Data supplied Block Start
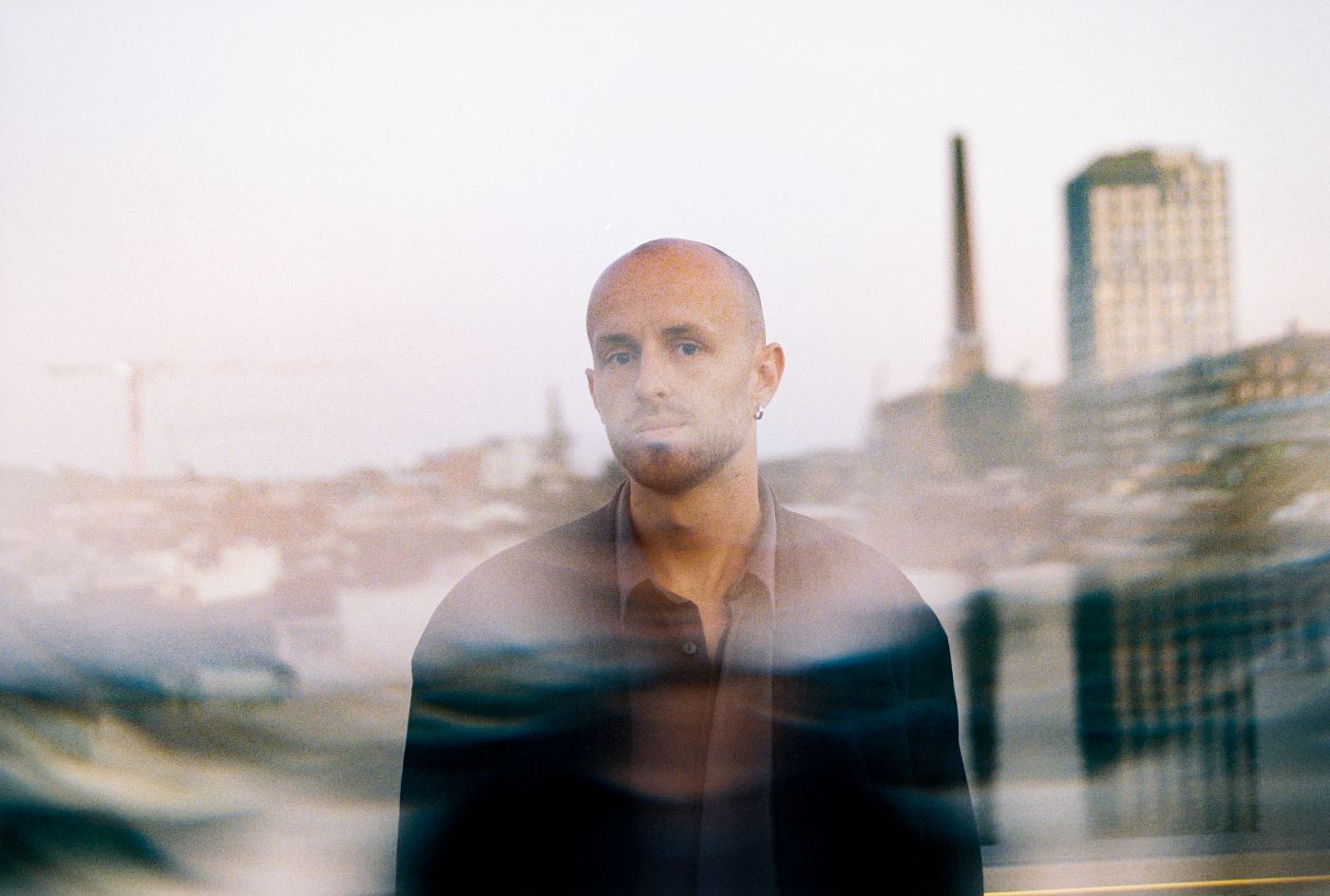 Maarten VX, photo by Willem Mevis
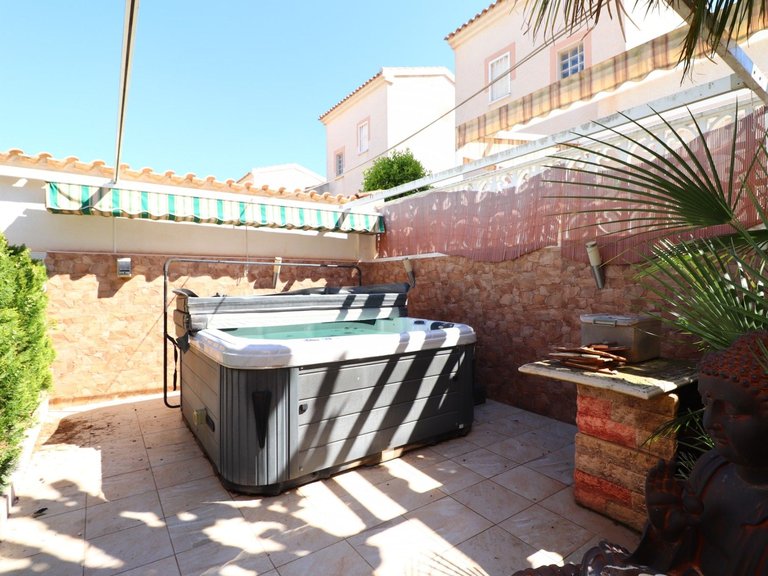 Villa for Sale in Benijofar, Alicante 21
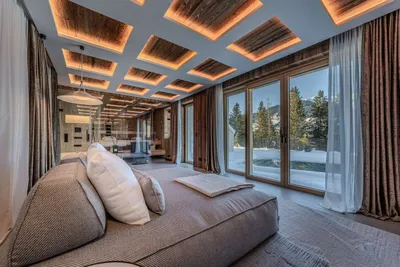 7-Zimmer-Immobilie kaufen in Kitzbühel – 438 m², € 14.900.000 – Bild 6 von 6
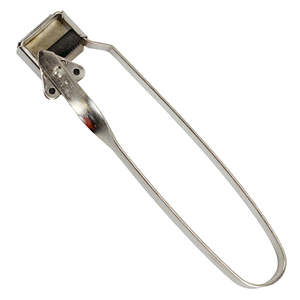 Welding Accessories: Bossweld Spark Lighter Triple Flint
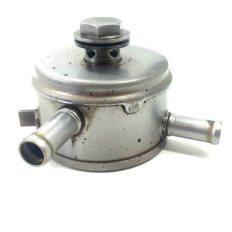 Resfriador Óleo Marca Yamaha Modelo Xj6 N Ano 2010 Original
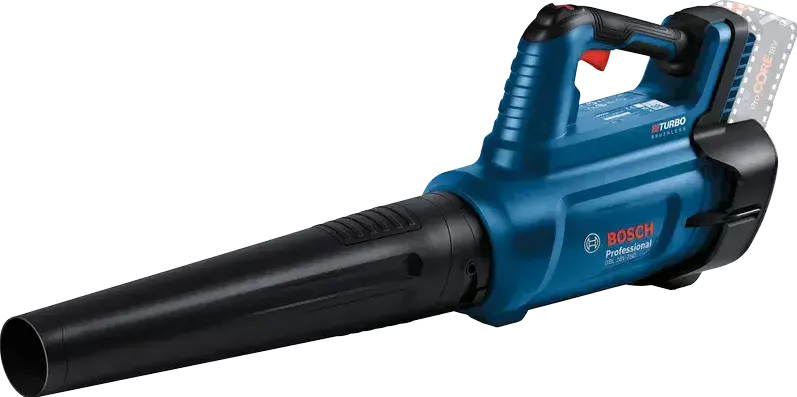 BOSCH GBL 18V-750 Professional Suflanta pentru frunze cu acumulator
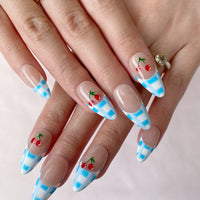 Niche Advanced Finished Product Nail Tips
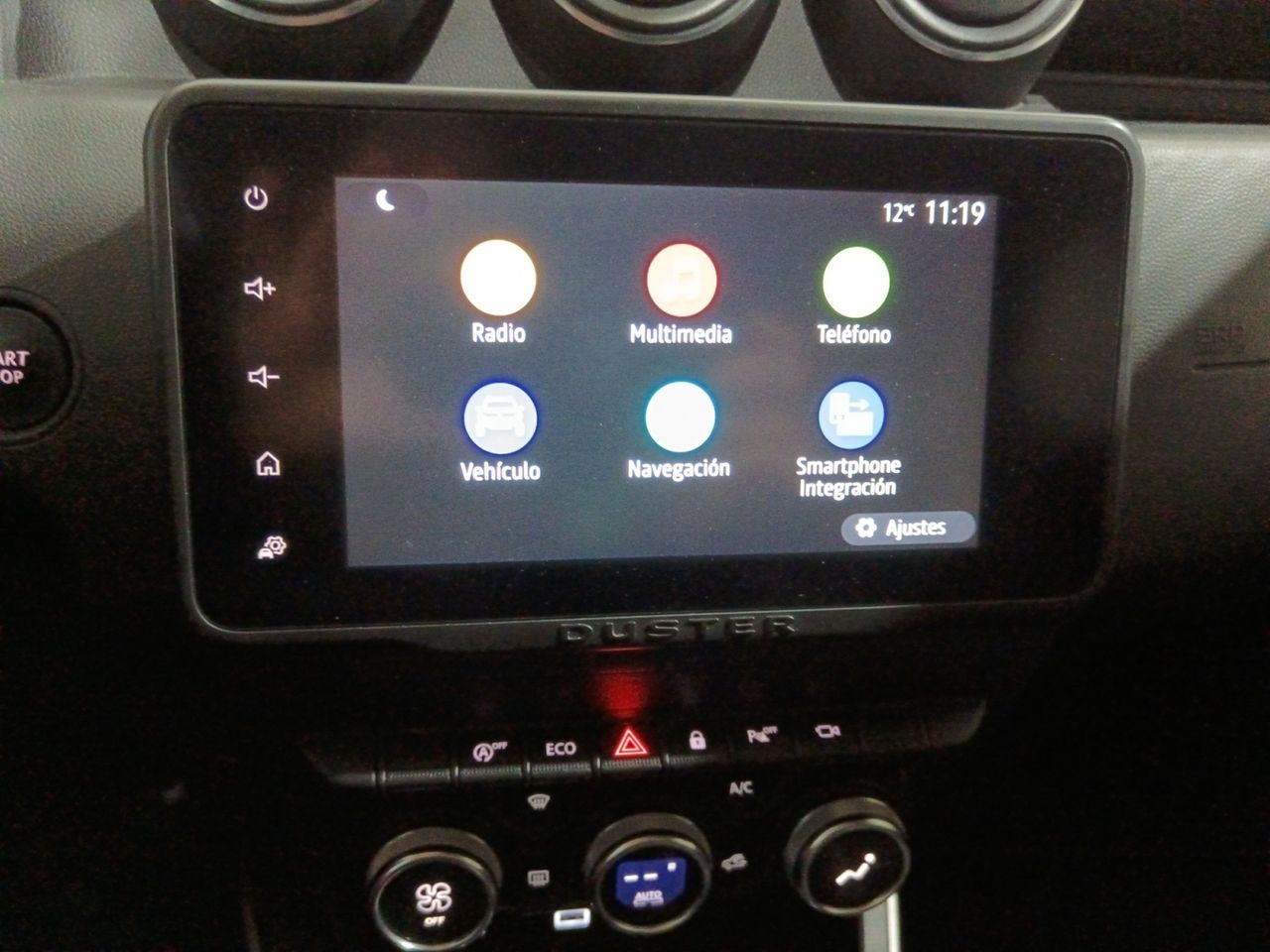 Foto Dacia Duster 13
Data supplied Block End
> Exercise goal: An exact retyping of each record, with no pictures, is the answer required.

> Answer to the problem:
 Maarten VX, photo by Willem Mevis
 Villa for Sale in Benijofar, Alicante 21
 7-Zimmer-Immobilie kaufen in Kitzbühel – 438 m², € 14.900.000 – Bild 6 von 6
 Welding Accessories: Bossweld Spark Lighter Triple Flint
 Resfriador Óleo Marca Yamaha Modelo Xj6 N Ano 2010 Original
 BOSCH GBL 18V-750 Professional Suflanta pentru frunze cu acumulator
 Niche Advanced Finished Product Nail Tips
 Foto Dacia Duster 13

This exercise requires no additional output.